That loop sounds obvious because it is obvious. It is the core of engineering work.

But most people use AI like this instead:

ask for code
paste the code
see that it is wrong
tell the model "it does not work"
hope it guesses correctly

That second loop is terrible.

The model is not debugging. It is guessing.

And if all you give it is "the button is broken" or "the page is blank" or "I got an error," you are forcing it to infer runtime reality from incomplete, second-hand descriptions.

That is why the loop matters more than the prompt.

Most Teams Already Describe Intent. They Do Not Describe Proof.

Most engineers are actually pretty good at describing what they want.

They say things like:

add a settings page for team billing
fix the broken onboarding modal
make the invite flow handle expired tokens gracefully

That is usually enough intent to start.

What is usually missing is the other half:

how the feature should be validated
what scenarios must pass
how local auth works
what browser state matters
what request should fire
what counts as "done"

So the model produces a draft. The human becomes the test harness. The human becomes the browser. The human becomes the console. The human becomes the network inspector.

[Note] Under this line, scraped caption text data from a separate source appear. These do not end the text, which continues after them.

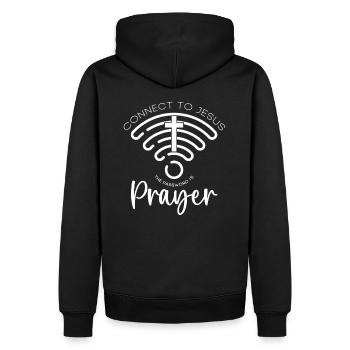 Connectez-vous à Jésus, le mot de passe est la prière - Sweat à capuche Premium bio Homme - noir - Dos - Nico (187cm)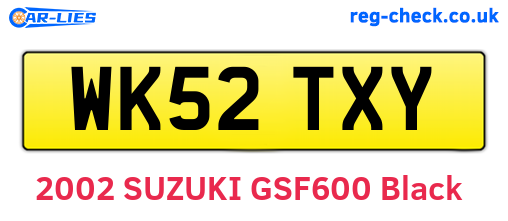 WK52TXY are the vehicle registration plates.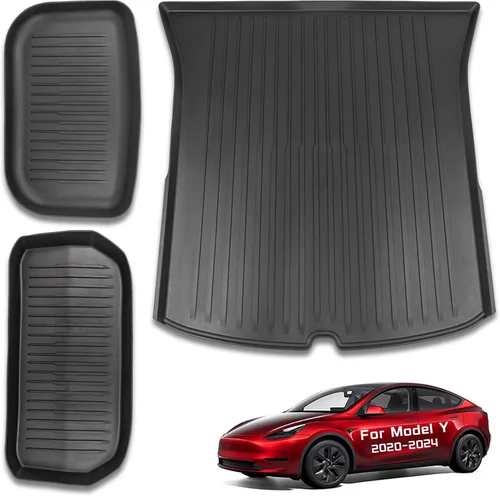Vista 14 de Revestimientos de Carga para Todo Clima para Tesla Model 3 Alfombrillas de Maletero, Alfombrillas Protectoras de Bandeja de Maletero Delantero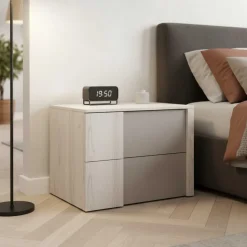 Comodino 2 cassetti con maniglia pannello bicolore 14 mm disponibile in vari colori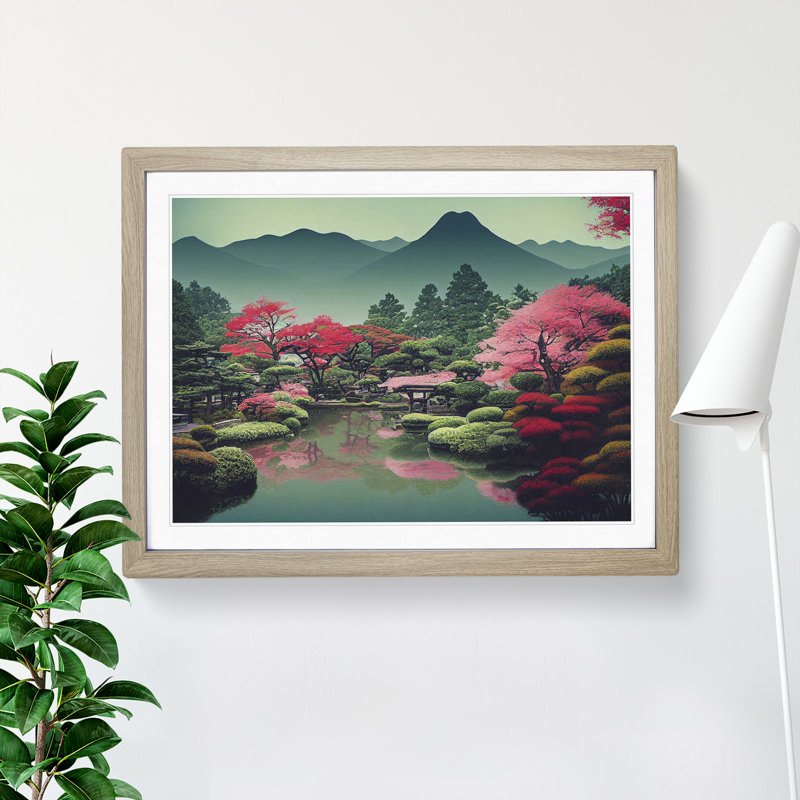 Traditional Japanese Mountains Vol.2 - Framed Print, 46cm H x 64cm W x 2cm D, Oak Framed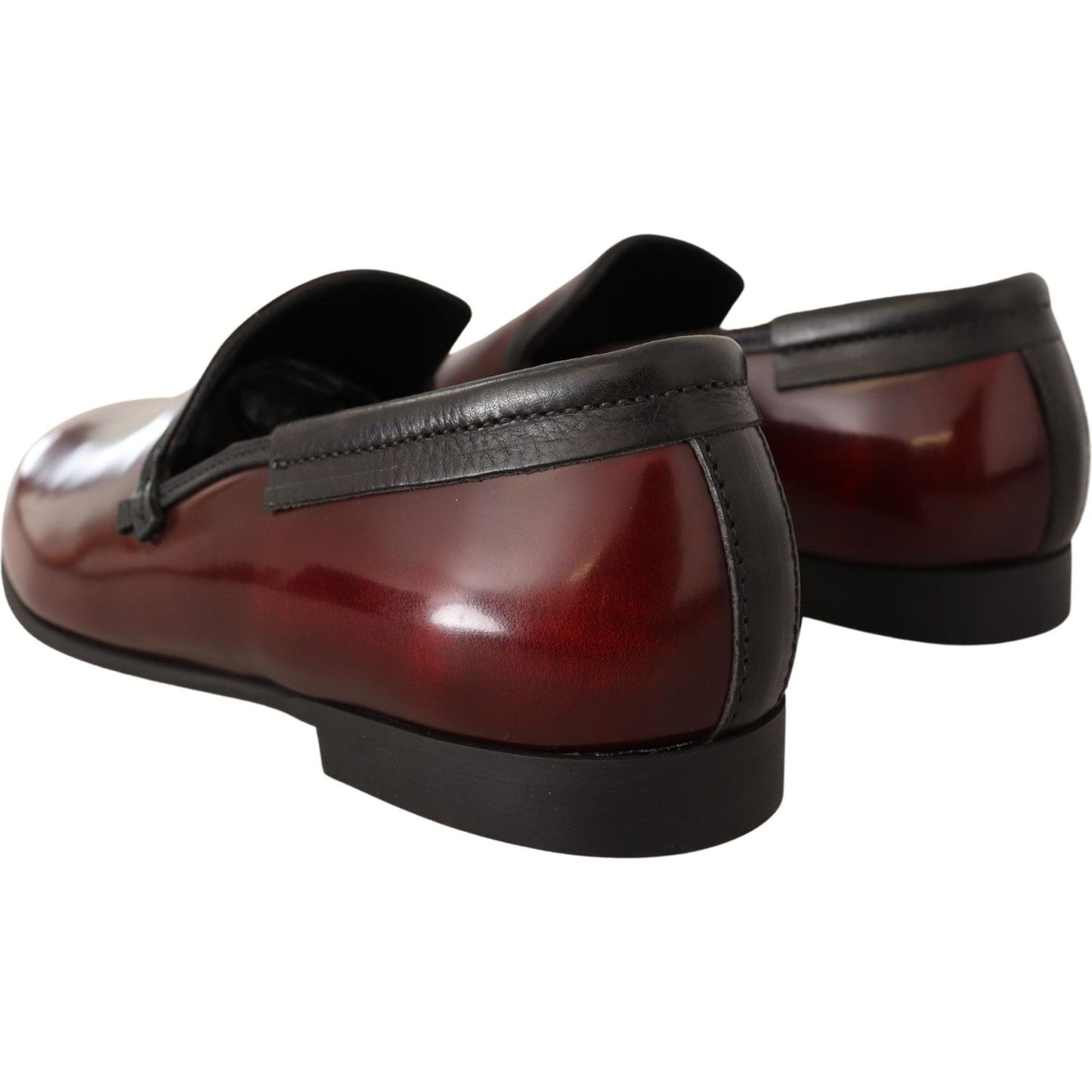 Dolce & Gabbana Elegant Bordeaux Leather Loafers Dolce & Gabbana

And then people conclude that AI is unreliable.

The more precise conclusion is this:

the agent was never allowed to close its own loop.

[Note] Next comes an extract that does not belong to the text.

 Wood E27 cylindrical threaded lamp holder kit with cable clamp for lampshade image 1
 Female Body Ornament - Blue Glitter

That distinction matters a lot.

Because once you hand over both, the workflow changes from "generate something plausible" to "keep working until the evidence matches the intent."

The Core Idea: Give the Agent the Same Feedback You Use

When I say "complete the loop," I mean something simple:

Give the agent access to the signals a competent developer would use to self-correct.

That usually means some combination of:

browser access
console output
network visibility
tests
linting
type checking
screenshots or DOM inspection

If the model can make a change, observe the result, and iterate against real feedback, the quality jumps.

If it cannot, you are stuck in an expensive game of telephone.

This is why I think people sometimes underrate AI tools too early. They are evaluating them in a workflow where the model has no sensory input after it writes the first draft.

Of course the results are mediocre in that setup.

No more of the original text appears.